■ Exercise ■
Everything from the line with "CPA Lyon l hotel" to the line with "Depto de 3 dormitorios" in the listing below, both lines included, needs to be copied exactly, apart from the pictures.

■ Records to process ■
-----

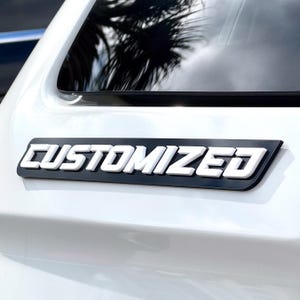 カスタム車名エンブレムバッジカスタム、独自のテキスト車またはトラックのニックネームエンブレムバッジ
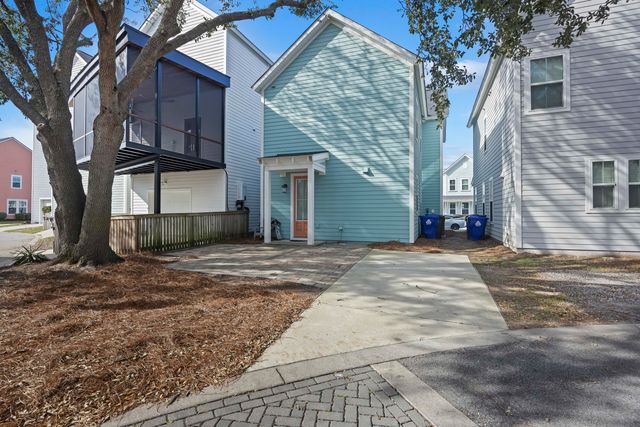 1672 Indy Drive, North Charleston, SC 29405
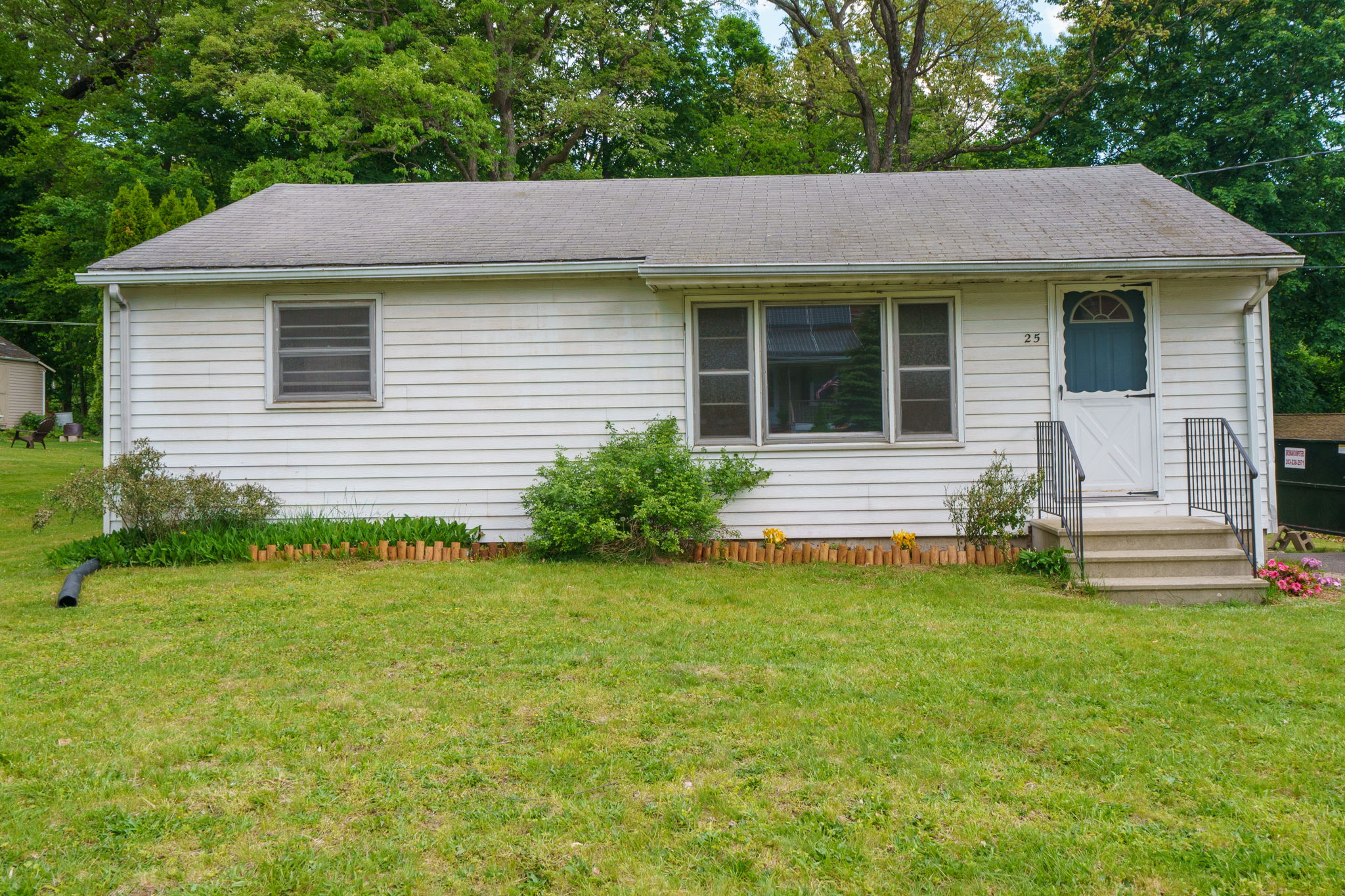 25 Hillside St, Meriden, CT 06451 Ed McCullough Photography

-----

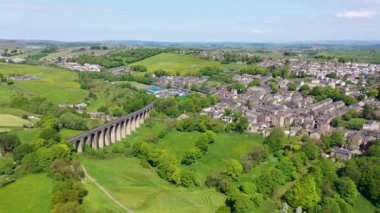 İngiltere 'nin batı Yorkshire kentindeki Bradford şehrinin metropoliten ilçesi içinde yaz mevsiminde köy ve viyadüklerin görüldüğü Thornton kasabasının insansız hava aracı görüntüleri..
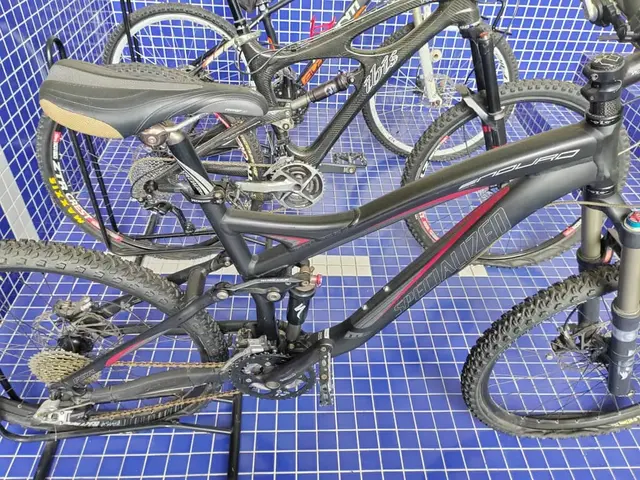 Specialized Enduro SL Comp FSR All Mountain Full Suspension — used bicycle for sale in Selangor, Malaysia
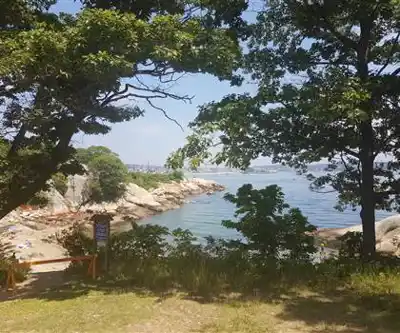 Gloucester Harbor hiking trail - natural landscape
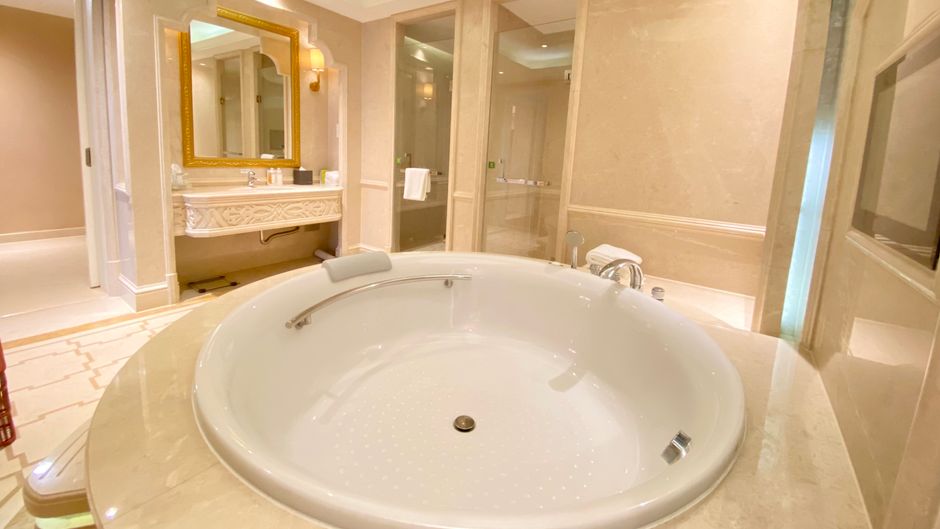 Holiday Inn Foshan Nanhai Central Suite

-----

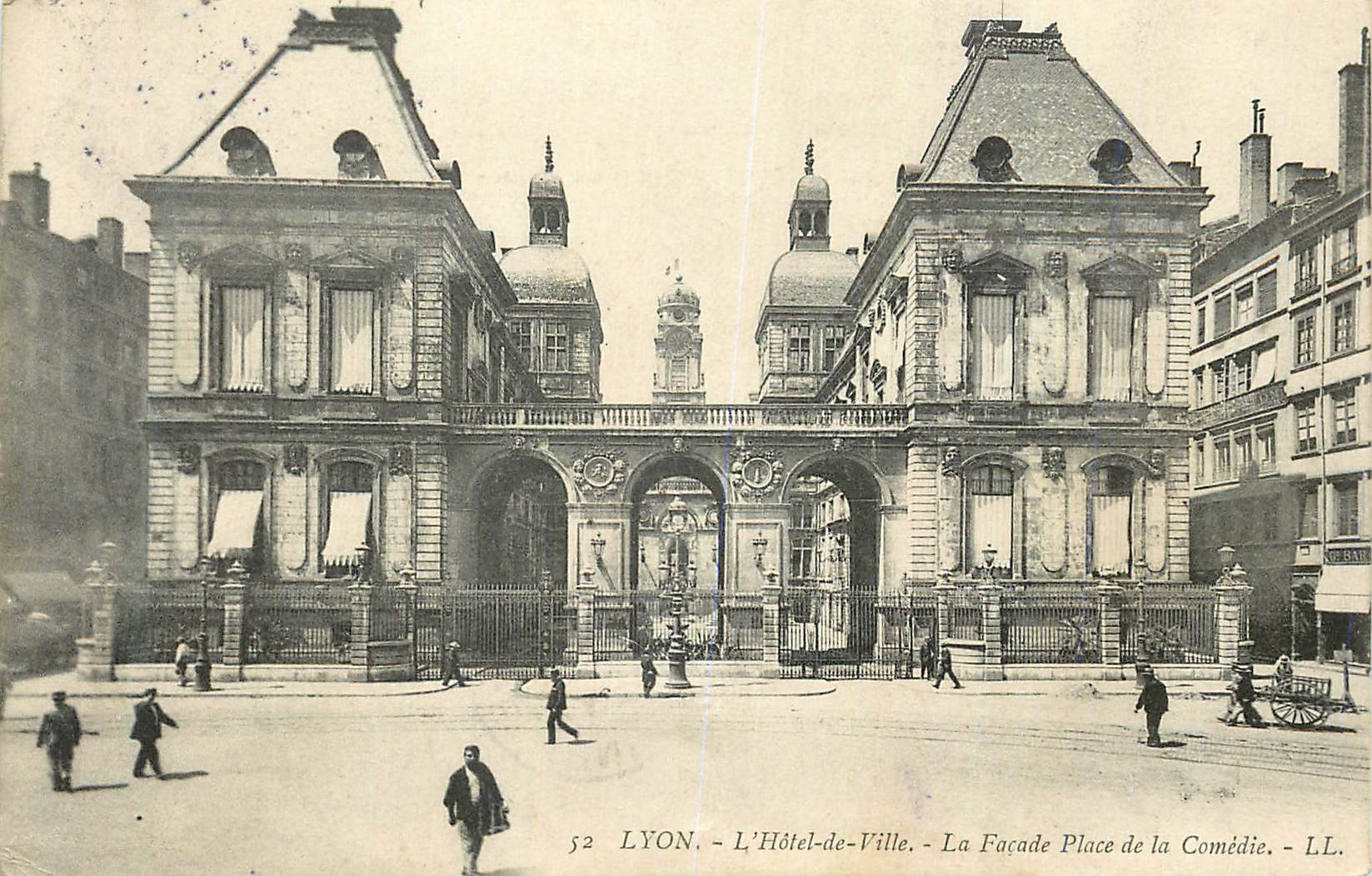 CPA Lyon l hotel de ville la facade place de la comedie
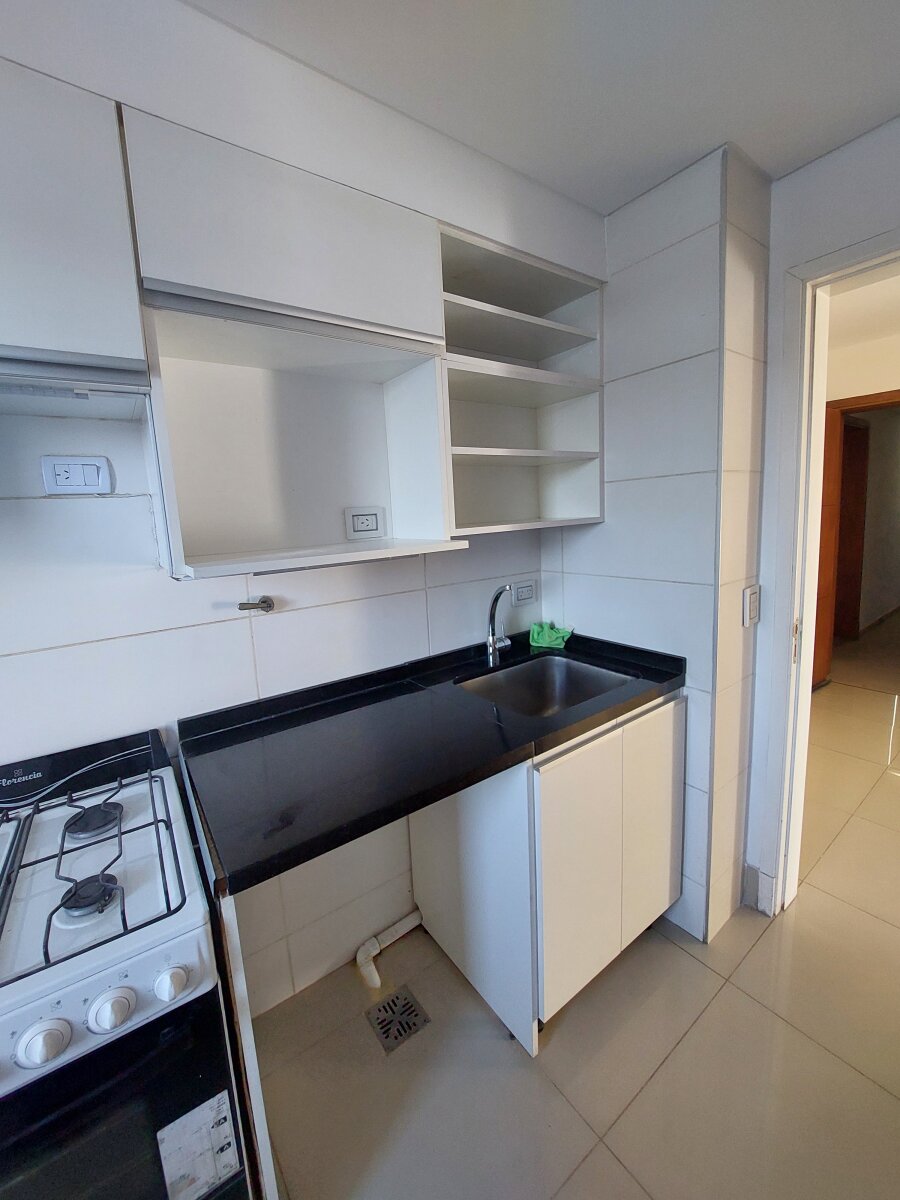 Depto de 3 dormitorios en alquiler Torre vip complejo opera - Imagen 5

-----

■ Written response ■
 CPA Lyon l hotel de ville la facade place de la comedie
 Depto de 3 dormitorios en alquiler Torre vip complejo opera - Imagen 5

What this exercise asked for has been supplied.